■ PROVIDED RECORDS ■

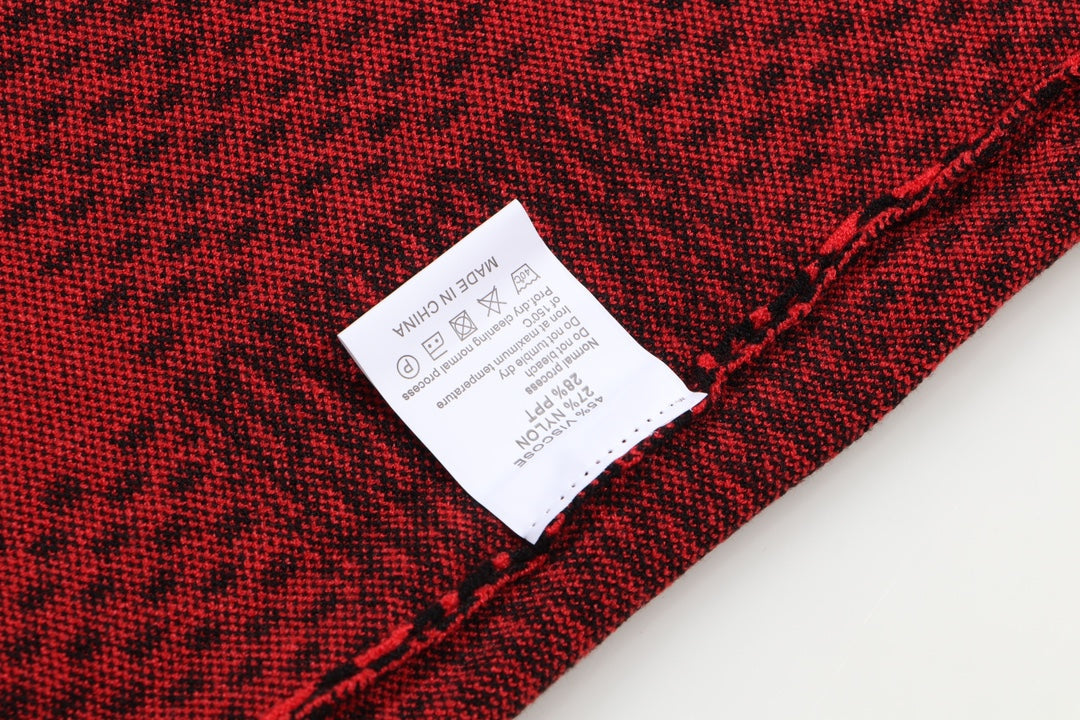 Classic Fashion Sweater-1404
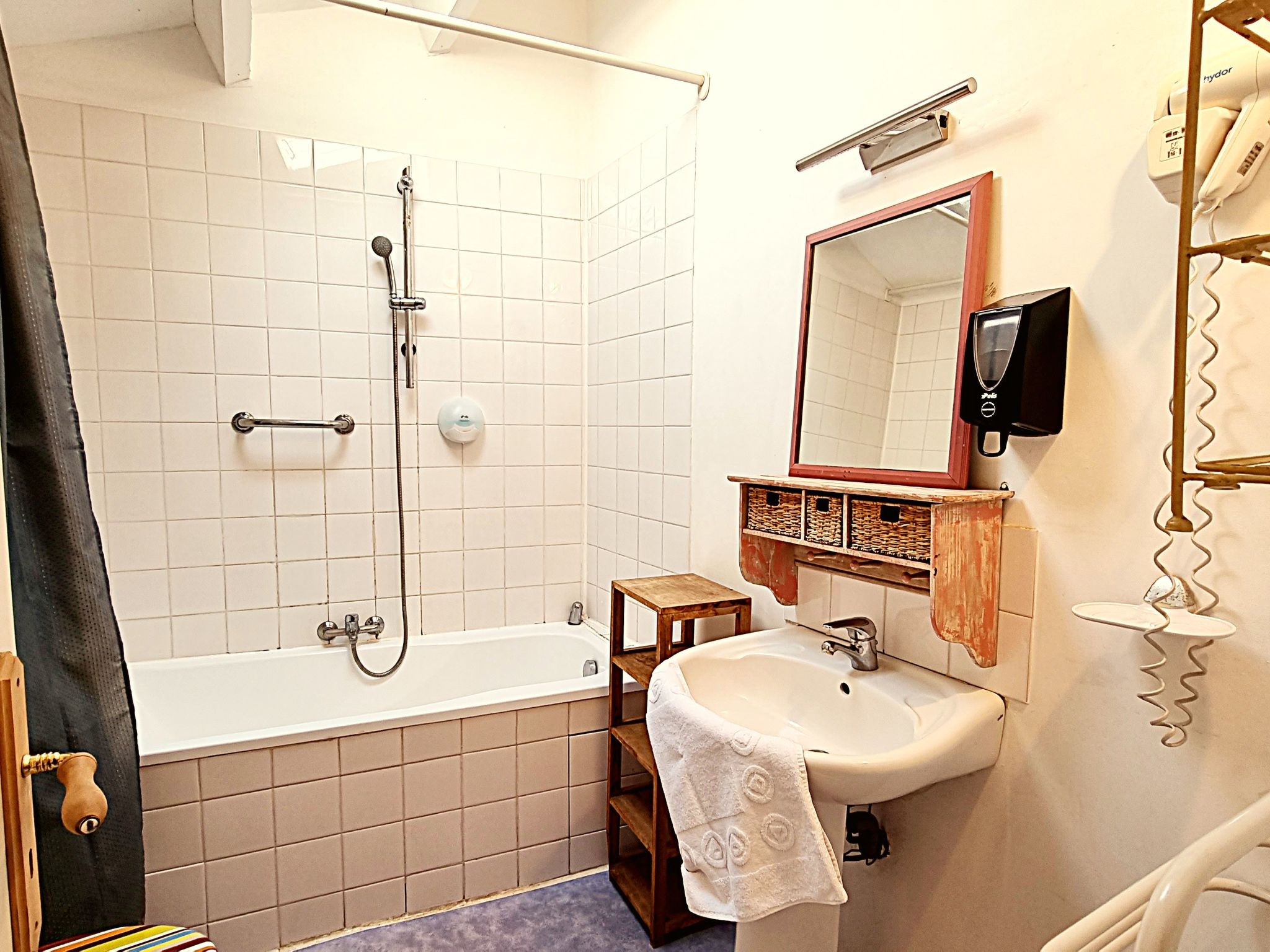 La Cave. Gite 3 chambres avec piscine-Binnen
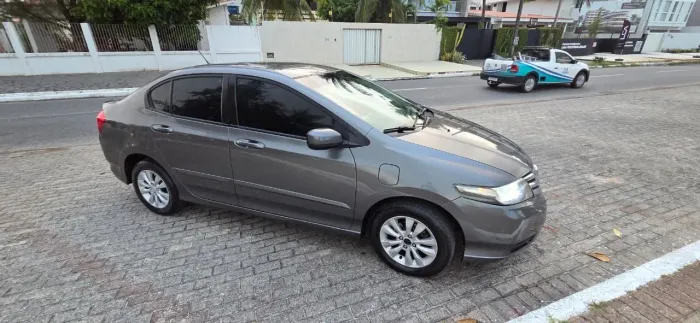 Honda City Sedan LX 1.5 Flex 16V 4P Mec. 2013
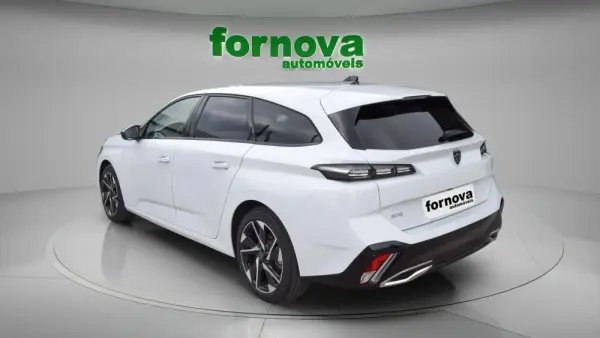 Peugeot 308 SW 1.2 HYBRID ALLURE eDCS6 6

==

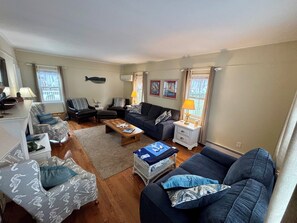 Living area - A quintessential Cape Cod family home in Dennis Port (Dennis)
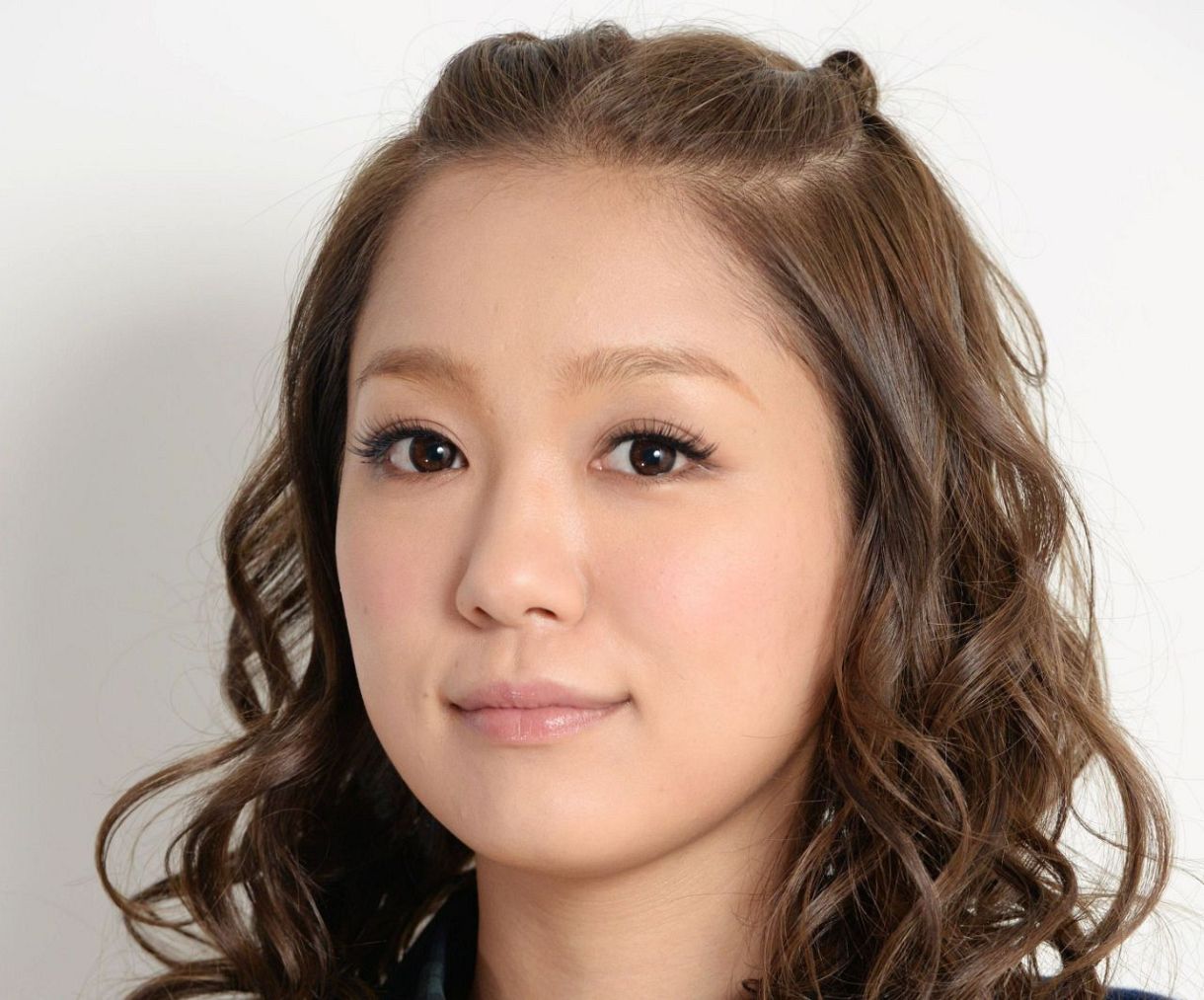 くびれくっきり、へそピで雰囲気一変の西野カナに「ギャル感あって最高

---

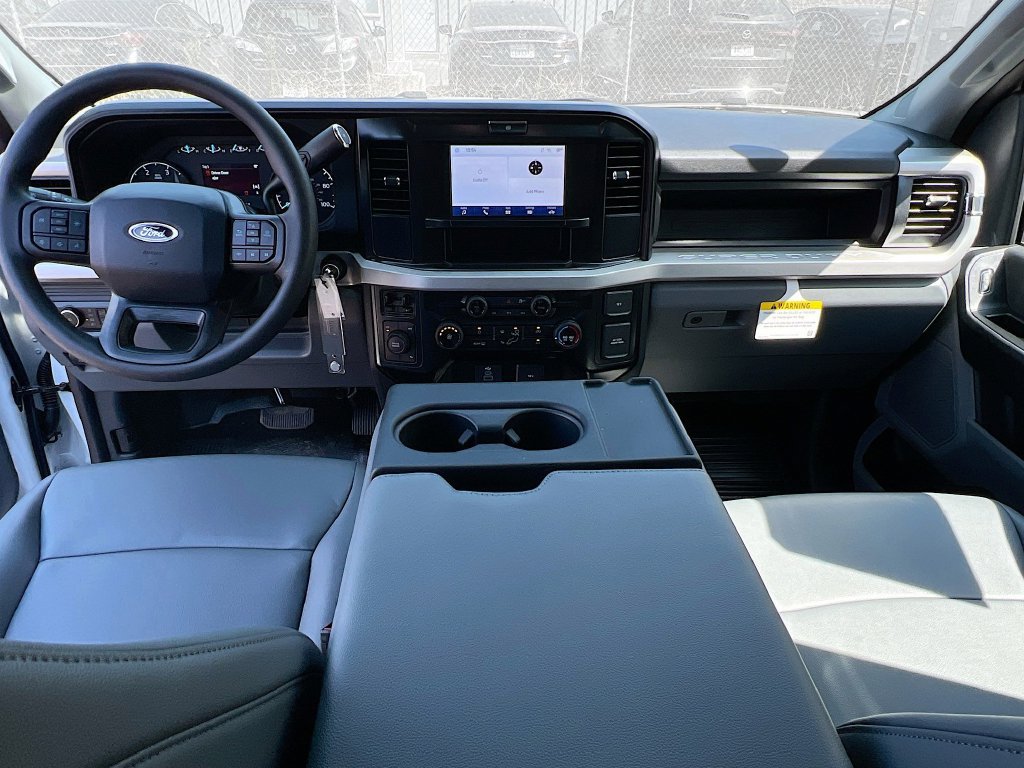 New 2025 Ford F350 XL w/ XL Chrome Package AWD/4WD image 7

■ WORK INSTRUCTION ■
Beginning with the line that contains "Classic Fashion Sweater-1404", write out the lines of the material above exactly, and end with the line that contains "Peugeot 308 SW 1.2 HYBRID ALLURE eDCS6 6". Omit the pictures.

■ RESPONSE ■
 Classic Fashion Sweater-1404
 La Cave. Gite 3 chambres avec piscine-Binnen
 Honda City Sedan LX 1.5 Flex 16V 4P Mec. 2013
 Peugeot 308 SW 1.2 HYBRID ALLURE eDCS6 6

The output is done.